Born in Brittany in 1971, left-handed, he started his design studio with his brother Erwan in 1998. Seventeen years later, in 2014, he posted a drawing for the first time on his Instagram account (@ronanbouroullec). Since then he delights his fans with posts of organically shaped drawings made with markers, graphite or ballpoint pen, which collect thousands of likes. However, what we see in a frame of a few pixels in reality are large drawings of at least 60 x 80 cm, made with an almost maniacal precision and skill, indeed “obsessive” as defined by Sarah Cosulich, curator and director of the Pinacoteca Agnelli. For those who want to see them live, the exhibition “The sound of my left hand” (open till the 20th of May 2022) in Milan, curated by Sarah Cosulich and set up at Casa Mutina in via Cernaia 1, where Ronan Bouroullec’s drawings are exhibited together with the products made for Mutina ceramics company. “The sense of the exhibition is to create an atmosphere that restores the taste of beauty in life, from bathroom tiles to bizarre designs. It’s my personal pleasure, the only thing that I can do,” explains Ronan Bouroullec.

Mutina for Art, Ronan Bouroullec, photo Alexandre-Tabaste
Mutina for Art, Ronan Bouroullec in his studio. Photo Alexandre Tabaste

When asked what drawing means in his design profession, he answers that “drawing is something I do at night, at the end of the day, on the weekend.” “It’s something I do completely on my own, outside of my studio, in the kitchen or living room. It’s a very intimate practice, extremely free, in the sense that when I start I don’t know what I’m going to do, it’s not something I plan. It’s very intuitive, instinctive. It’s like meditation. I start with a blank sheet of paper and then lines, lines and lines until I create a form. Then when it’s finished, I forget about it.

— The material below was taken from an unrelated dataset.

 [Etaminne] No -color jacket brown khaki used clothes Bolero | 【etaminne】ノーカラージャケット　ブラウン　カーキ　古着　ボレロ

Drawing is a way to heal from the mechanisms of design, it is a daily practice, an instant satisfaction that no one can alter, that is totally free.

His work has been described by art critics and designers, with words collected in the catalog The sound of my left hand, published by Mutina for Art. Here Sara Cosulich describes Ronan Bouroullec’s artistic work as “anthropomorphic or organic”, an introspective practice where the constant observation of reality “is reduced to a visceral form”. French designer Inga Sempé dwells on the technical difficulty of his works, “in his drawings the trajectories do not allow for errors. The attention that guides the hand is not fragmented into episodes: it is like the sea that, if photographed a few hours later, no longer has the same force or the same reflections. A drawing is a series woven together, without distractions, from the first stroke to the last curve”. Art critic Nicolas Trembley, on the other hand, explains that the drawings Bouroullec has been making for a long time seem to him as the continuation of ancestral craft practices. “These graphic forms consisting of sinuous lines juxtaposed one against the other refer to the art of Japanese calligraphy. There is something spiritual in this exercise, a meditative space in which the line travels and then stops at the silent rhythm of the breath. A routine that begins at the center of the sheet and then arrives at the randomness of the gesture that the artist compares to the technique of weaving”. 

  

But what is the difference between drawing abstract lines and designing a design product? “Design is a collective situation where you work with the engineer, with the company,” Bouroullec answers, “it’s a very long and often very frustrating process because there are waves of happiness over an idea, followed by depression when you find out it’s too expensive or takes too long to realize. Drawing is a way to heal from this mechanism, it’s a daily practice, an instant satisfaction that no one can alter, that is totally free. And I like both.